In June 2015, the US chief information security officer (CIO) issued a memorandum to mandate HTTPS-only to secure Federal websites and web services. This policy is also known as Always-On SSL and HTTPS everywhere.
The majority of Federal websites use HTTP; however the CIO states that HTTP is susceptible to interception, manipulation and impersonation. This vulnerability can be mitigated by implementing an HTTPS-only policy which must be implemented to all existing sites and services by December 31, 2016. Monitoring of agency compliance can be viewed through their HTTPS Pulse.
The CIO also sends the message that “All browsing activity should be considered private and sensitive.” With the HTTPS-only standard, there will be no more subjective determinations as to which browsing activity is sensitive in nature. Such as position will mitigate known threats and increase confidence in the Federal government.
HTTPS is deployed using an SSL/TLS certificate issued from a trusted certification authority (CA). The CA performs validation to ensure the certificate requester owns or has control of the domain. For Federal sites, the department name and location will also be added to the certificate. This information is verified by the CA. Having a CA issued certificate on the website will prevent unidentified or untrusted websites from masquerading as a Federal website or service.
The CIO provides some challenges and considerations when deploying HTTPS-only. These items are also addressed on the HTTPS-Only Standard home page:
- Site Performance – Not an issue with modern software and hardware. Also, performance may increase if the site uses HTTP/2 which requires HTTPS in most modern browsers.

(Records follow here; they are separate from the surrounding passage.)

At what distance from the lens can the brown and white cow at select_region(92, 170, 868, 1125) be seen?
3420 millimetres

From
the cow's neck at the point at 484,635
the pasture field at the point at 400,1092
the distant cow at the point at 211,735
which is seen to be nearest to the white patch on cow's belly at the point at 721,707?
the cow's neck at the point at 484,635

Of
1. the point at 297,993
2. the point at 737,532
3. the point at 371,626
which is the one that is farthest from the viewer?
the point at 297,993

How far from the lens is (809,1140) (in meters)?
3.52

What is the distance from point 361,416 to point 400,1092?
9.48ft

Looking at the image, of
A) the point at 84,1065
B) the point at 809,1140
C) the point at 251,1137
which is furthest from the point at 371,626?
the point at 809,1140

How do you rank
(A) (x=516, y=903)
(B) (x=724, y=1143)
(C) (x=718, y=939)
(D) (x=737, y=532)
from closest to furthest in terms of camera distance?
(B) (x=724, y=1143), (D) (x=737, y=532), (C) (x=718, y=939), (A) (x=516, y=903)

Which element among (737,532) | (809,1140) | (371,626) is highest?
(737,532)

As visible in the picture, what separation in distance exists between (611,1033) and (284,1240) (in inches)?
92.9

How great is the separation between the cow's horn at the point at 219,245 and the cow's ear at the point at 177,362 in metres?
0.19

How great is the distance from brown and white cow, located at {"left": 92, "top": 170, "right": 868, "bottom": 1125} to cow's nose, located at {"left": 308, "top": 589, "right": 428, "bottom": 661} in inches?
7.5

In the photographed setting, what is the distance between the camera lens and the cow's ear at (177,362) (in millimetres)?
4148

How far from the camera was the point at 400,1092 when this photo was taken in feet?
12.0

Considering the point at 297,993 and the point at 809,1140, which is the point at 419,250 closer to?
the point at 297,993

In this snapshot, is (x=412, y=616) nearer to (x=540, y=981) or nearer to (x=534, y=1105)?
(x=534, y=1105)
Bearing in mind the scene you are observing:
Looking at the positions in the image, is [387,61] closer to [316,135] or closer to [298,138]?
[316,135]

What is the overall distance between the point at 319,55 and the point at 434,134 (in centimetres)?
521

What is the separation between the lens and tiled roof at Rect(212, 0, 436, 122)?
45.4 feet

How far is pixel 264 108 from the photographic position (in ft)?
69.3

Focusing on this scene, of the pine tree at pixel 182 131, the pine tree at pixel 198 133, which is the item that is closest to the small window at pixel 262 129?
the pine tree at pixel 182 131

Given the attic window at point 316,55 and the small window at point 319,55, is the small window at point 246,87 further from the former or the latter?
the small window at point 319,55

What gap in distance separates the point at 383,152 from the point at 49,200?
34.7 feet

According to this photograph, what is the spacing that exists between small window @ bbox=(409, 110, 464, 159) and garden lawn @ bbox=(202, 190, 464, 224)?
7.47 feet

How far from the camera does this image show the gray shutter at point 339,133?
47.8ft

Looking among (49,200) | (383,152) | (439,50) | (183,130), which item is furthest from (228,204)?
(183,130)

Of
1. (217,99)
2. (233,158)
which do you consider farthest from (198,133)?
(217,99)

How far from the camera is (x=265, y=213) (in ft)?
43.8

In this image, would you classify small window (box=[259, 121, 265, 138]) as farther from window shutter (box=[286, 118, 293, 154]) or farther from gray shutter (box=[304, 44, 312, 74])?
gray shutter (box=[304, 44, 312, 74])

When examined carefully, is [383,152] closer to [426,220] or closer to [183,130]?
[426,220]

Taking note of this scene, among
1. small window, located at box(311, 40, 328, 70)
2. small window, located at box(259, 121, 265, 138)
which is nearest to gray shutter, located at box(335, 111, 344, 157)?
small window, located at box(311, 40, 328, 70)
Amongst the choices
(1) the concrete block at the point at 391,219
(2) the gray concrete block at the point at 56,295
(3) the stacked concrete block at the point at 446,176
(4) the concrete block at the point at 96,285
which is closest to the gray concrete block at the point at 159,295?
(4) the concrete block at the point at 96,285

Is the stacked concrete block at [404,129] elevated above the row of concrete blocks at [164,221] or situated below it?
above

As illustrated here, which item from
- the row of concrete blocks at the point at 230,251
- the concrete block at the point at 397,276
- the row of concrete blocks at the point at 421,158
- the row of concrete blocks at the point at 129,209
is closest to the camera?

- Server Name Indication (SNI) – Allows for more efficient use of IP addresses when serving multiple domains; however, SNI might not be supported by some legacy clients.
- Mixed Content – Ensure all external resources are loaded over HTTPS; otherwise, modern browsers may refuse to load items or show a trust error message.
- APIs and Service – These may need to be migrated as they may not be served securely.
The CIO acknowledges that HTTPS-only will not come without cost. However, this does not outweigh the cost of eavesdropping on the taxpayer which could result in substantial losses to citizens.
In addition to privacy, HTTPS-only will also provide the following:
- Mitigates Known Vulnerabilities – Firesheep and SSLstrip are known applications which can allow an attacker to obtain user information. HTTPS-only will mitigate these attacks.
- Search Engine Optimization – Google is providing sites protected with HTTPS a higher search ranking.
- Web Site Performance – As sites move to HTTP/2 they will need to support HTTPS as most modern browsers will not support HTTP/2 without a secure connection.
- Future Proof – Interesting that browser provide security messages for secure sites, but provide no security message for insecure sites. As we move forward browsers such as Chrome and Firefox are considering providing security messages for sites which are not protected with HTTPS.
When deploying HTTPS-only, you should also consider using HTTP Strict Transport Security (HSTS). By including a header from your server, you can instruct a browser that your site should only be viewed over HTTPS. In all future visits to your site, modern browsers will expect HTTPS. If the site is provided without HTTPS, then a security warning will be presented which should indicate that this is not your site. Your site can be added to an HSTS preload list, which will mitigate the first-use attack on your site. Please note the Federal policy is to support HSTS by December 31, 2016.
HTTPS-only is a sound policy for the US Federal government. You should also consider protecting your users and their data by implementing HTTPS-only.